Now, the Alliance is supporting Jordan’s government by replacing the paper-based process with electronic phytosanitary certificates, called ePhytos. The project will introduce the ePhyto Solution, an initiative of the International Plant Protection Convention (IPPC) that enables participating countries to exchange ePhytos quickly, accurately, and at a low cost through a central hub. In Jordan, using ePhytos is expected to reduce the clearance time for exports by 12 hours and imports by six hours.

“Agriculture is one of the most important sectors supporting the national economy and the main pillar for maintaining food security. Therefore, the process of continuous development of this sector, and keeping pace with what is new, is one of my top priorities,” said Khaled Huneifat, Jordan’s Minister of Agriculture. “As such, we are delighted to implement this ePhyto project, which will enhance the performance of the agricultural trade through the digitalisation of key border operations and reduce clearance times for exports and imports.”

The Alliance has gained valuable experience in this domain in recent years, having successfully completed an ePhyto project in Morocco and begun implementing similar projects in countries including Colombia, Ecuador, Madagascar, Senegal, and Thailand.

Underscoring the project’s potential impact, Jordan imported roughly USD 963 million worth of agricultural products in 2021 from countries using or registered with the IPPC ePhyto Hub, good for nearly two-thirds of its total agricultural imports.

The agriculture and food sector in Jordan employs around one-quarter of the country’s poorest citizens, including refugees and migrant workers, and has been hard-hit by the economic impacts of regional conflicts. Now, fruit and vegetable exporters are looking forward to smoother and faster paths to markets across the world.

This project will contribute to Jordan implementing its commitments under the World Trade Organization’s Trade Facilitation Agreement.

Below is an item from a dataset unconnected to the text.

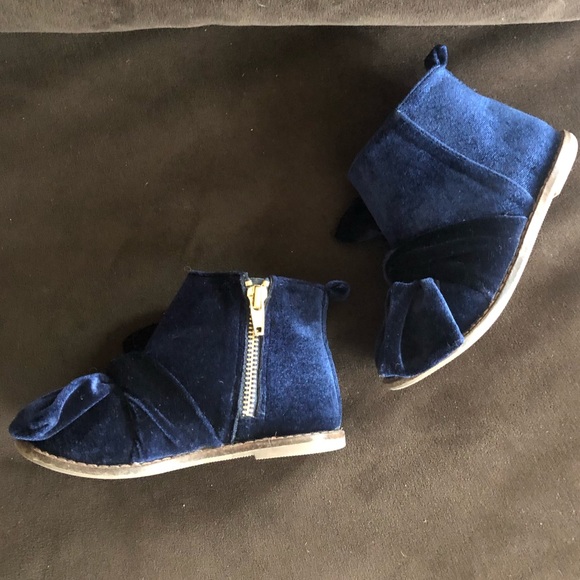 Janie & Jack Velvet Bow Bootie in sapphire blue - Picture 9 of 9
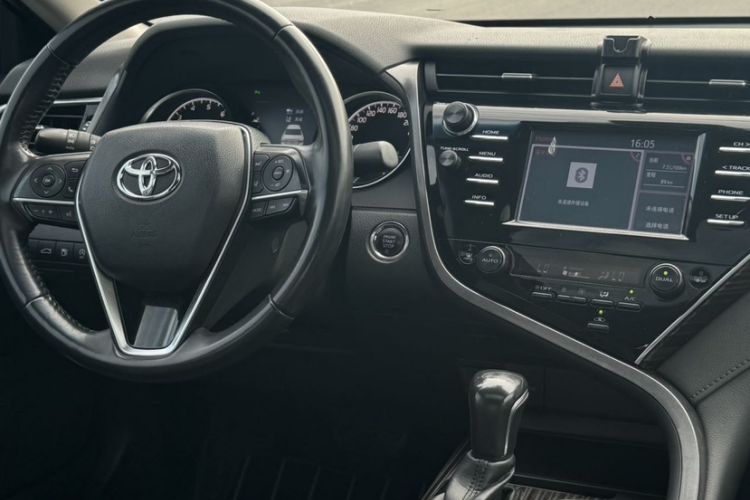 Used Toyota Camry 2018 2.0G Luxury Edition Interior 3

“ePhytos are a proven solution in delivering meaningful, lasting time and cost savings for agricultural exporters and importers,” said Philippe Isler, the Alliance’s Director. “By adopting this approach, Jordan is ensuring its agricultural trade processes meet international best practices, making it easier to ensure a trouble-free supply of food and plant imports. It will also make it easier for Jordanian exporters, particularly micro, small, and medium enterprises, to compete abroad.”